**DATA FOR THIS TASK:**
━━━━━━━━━━
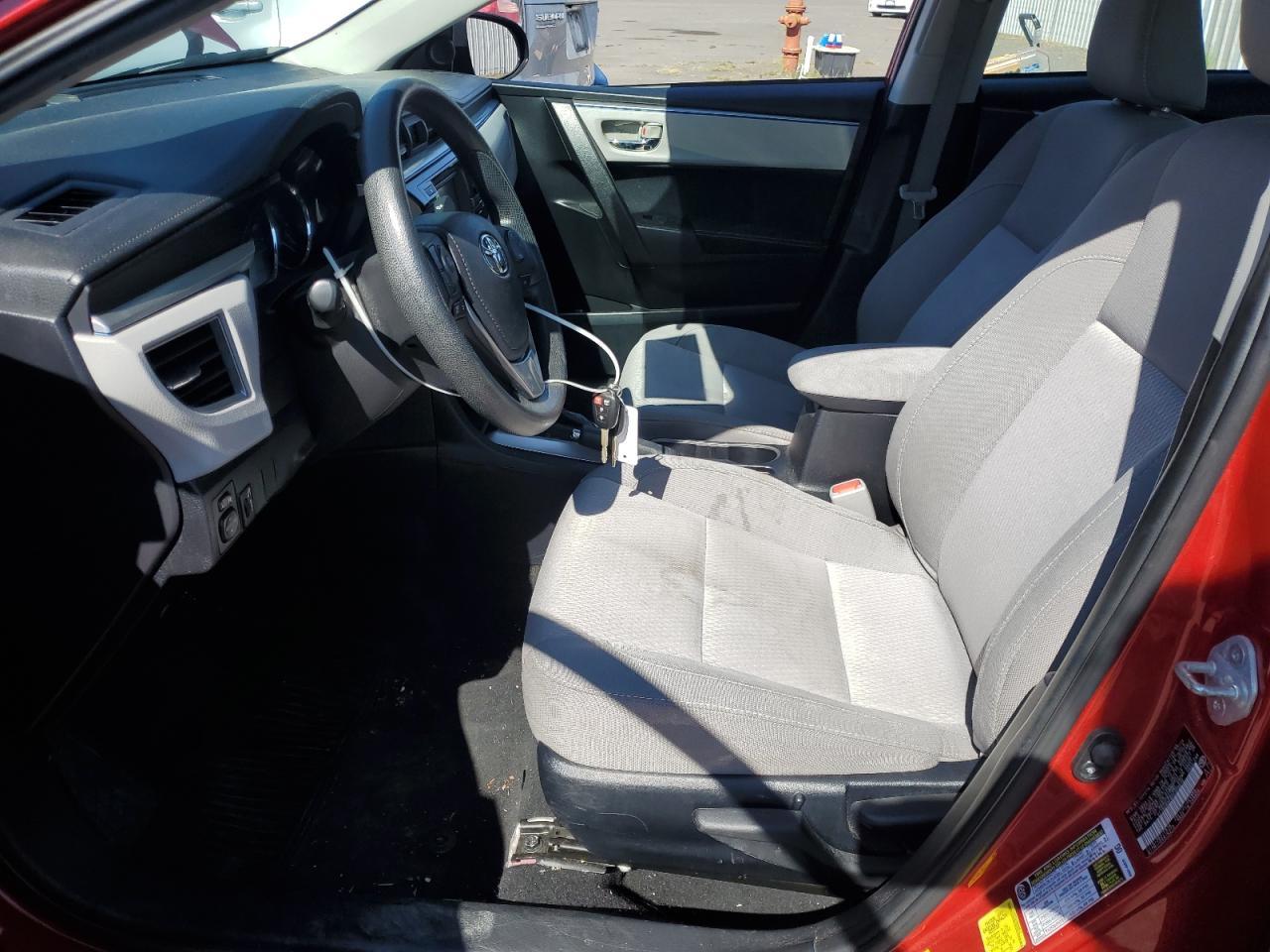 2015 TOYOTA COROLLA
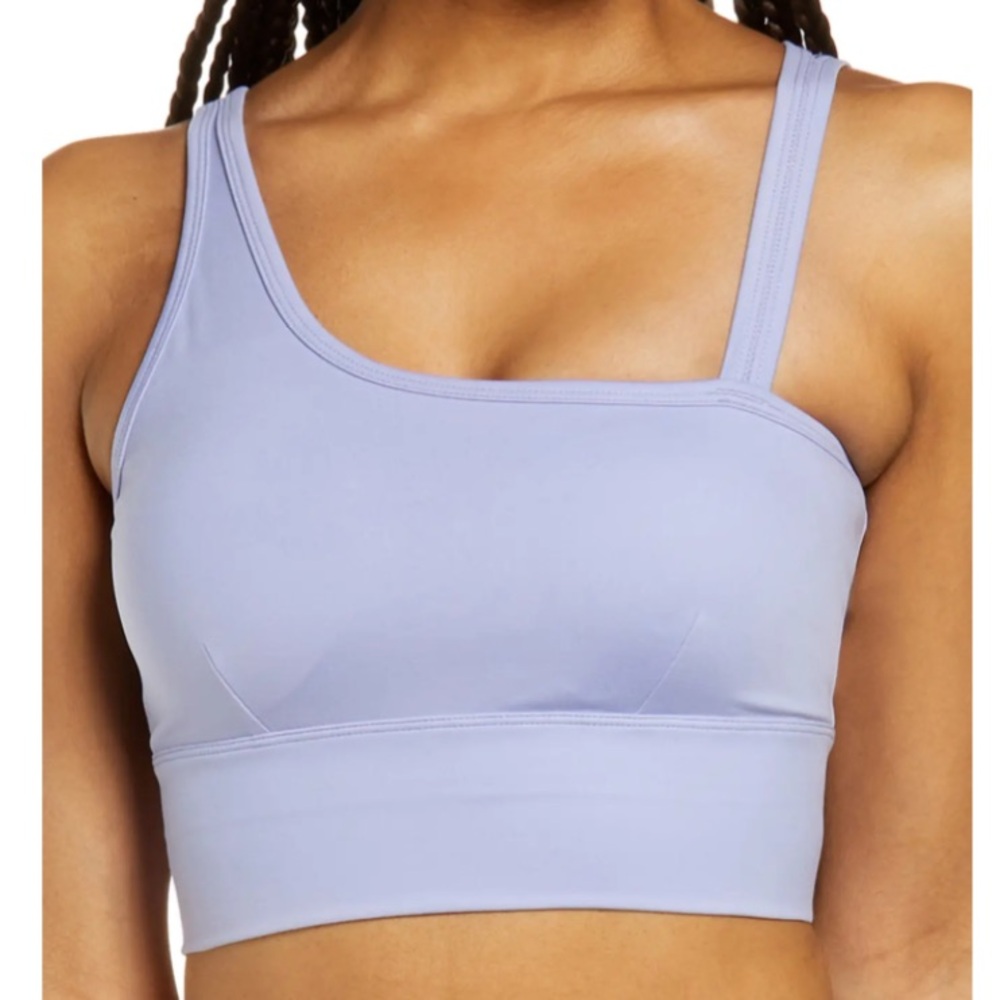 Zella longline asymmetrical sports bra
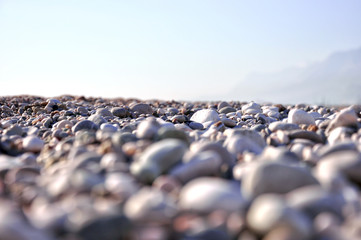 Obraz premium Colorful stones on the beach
━━━━━━━━━━
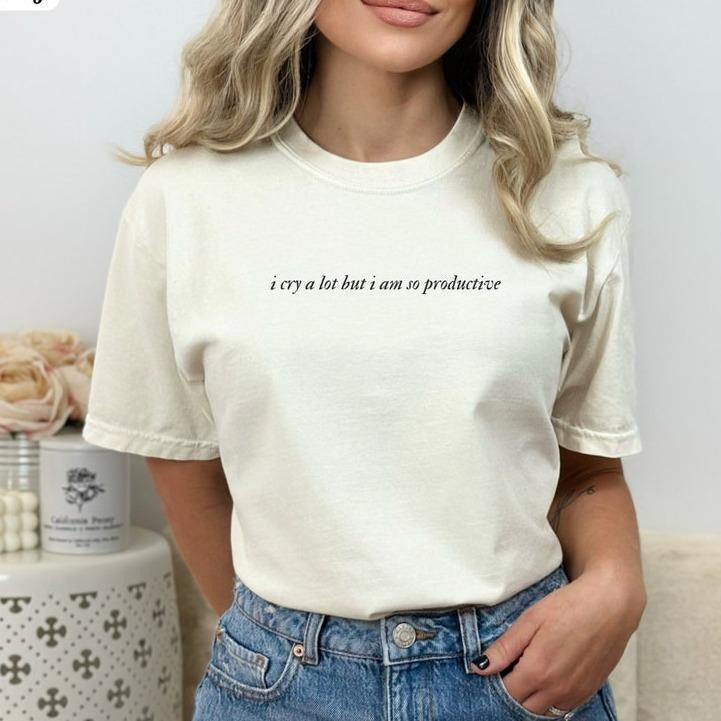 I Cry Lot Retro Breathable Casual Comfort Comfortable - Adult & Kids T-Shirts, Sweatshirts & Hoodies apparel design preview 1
━━━━━━━━━━
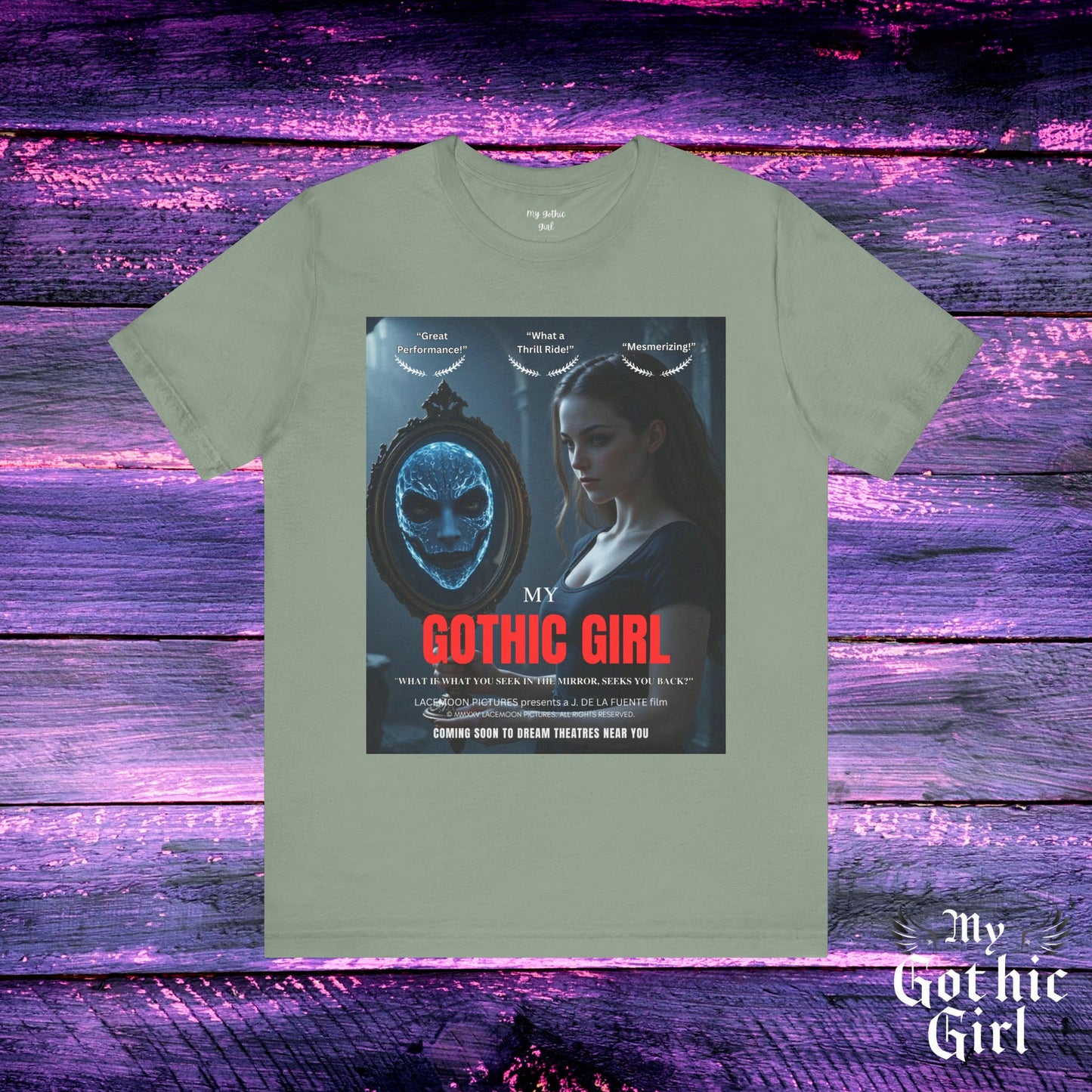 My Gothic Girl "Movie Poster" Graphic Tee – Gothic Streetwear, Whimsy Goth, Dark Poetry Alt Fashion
━━━━━━━━━━
**EXERCISE AIM:** Nothing outside the stretch above, from the line with "Zella longline asymmetrical sports bra" through the line with "Obraz premium Colorful stones on the beach", is set down. Transcribe that stretch exactly, ends included, but not its pictures.

**OUTPUT FOR THIS EXERCISE:**
 Zella longline asymmetrical sports bra
 Obraz premium Colorful stones on the beach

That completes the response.